Part of the impetus for the change, she says, was that, “I needed more human interaction and human science.”
She changed her major to biology and attended the UCLA School of Medicine, in Los Angeles, after which she served her residency at Harbor-UCLA Medical Center, in Torrance, Calif. She took a year off while it the midst of her studies at UCLA, to consider her career path, and spent part of that time in Peshawar, Pakistan, assisting in a medical facility serving Afghan refugees.
“It was actually a great experience,” she says.
She later served a two-year fellowship at USC that focused on liver and pancreas care, married Dr. Darryl Potyk, and moved to Spokane with him in 1994 when Potyk, an internist, agreed to join Providence Internal Medicine Residency Spokane.
He now works part time in that practice, while also serving as assistant regional dean for the WWAMI (Washington, Wyoming, Alaska, Montana, Idaho) medical education program here, after having been named to that post two years ago by the University of Washington School of Medicine.
Guthrie initially joined Drs. Lawrence Schrock and Laurie Bell in a general surgical practice named Schrock Bell & Guthrie and did some liver and pancreas surgeries, but says, “I found out it really wasn’t my favorite thing to do.” Meanwhile, she began working with more breast patients, and says, “It really became the favorite part of my practice.”
When Bell retired in 2000, Guthrie says she decided to start Spokane Breast Center, fully delving into a specialty that hadn’t appealed to her earlier in her career.
She says she launched the practice “out of a desire to have a state-of-the-art, yet personalized place for women to come to be treated for breast cancer.”
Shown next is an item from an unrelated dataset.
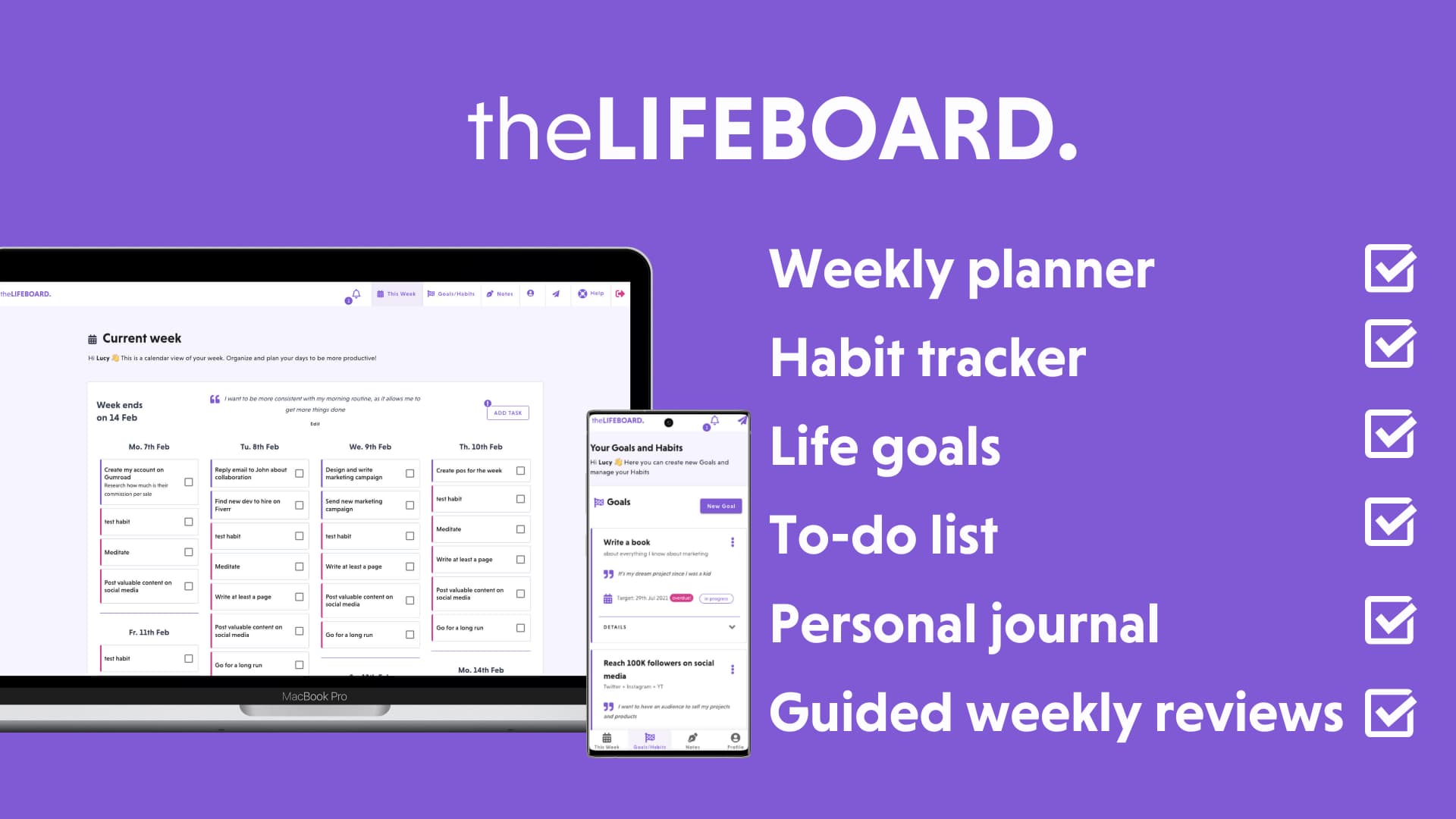 A simple weekly planner to kickstart your productivity theLIFEBOARD.app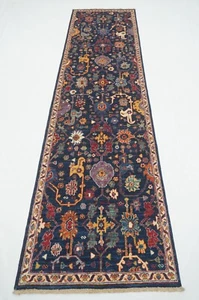 3 x 10 ft Navy Blue Bidjar Afghan Hand knotted Oriental Transitional Runner Rug - Picture 1 of 17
She adds, “At that time in Spokane, there were no other surgeons whose practices were devoted entirely to breast cancer surgery. Helping women through their journey of breast cancer requires treating the whole person, and I felt a small specialized practice would allow me to know and address each woman’s needs.”
Guthrie says, “I really enjoyed starting Spokane Breast Center and watching it grow for 13 years, and it was with mixed feelings that I joined Group Health/CMA.”
She reiterates, though, that the transition has gone well, enabling her to leave business decisions to a trusted partner, and says, “They have been very committed to maintaining what was good (about the boutique practice) and expanding upon that.”
Guthrie describes her practice now as “really wonderful,” and—of her eventual decision to work exclusively with breast patients—she says, “I made the right choice.”
Though she completed only a portion of her undergraduate studies at WSU, Guthrie’s ongoing efforts in support of breast cancer sufferers—both within and outside of her practice—led to her last year being honored with a WSU Alumna Women of Distinction award.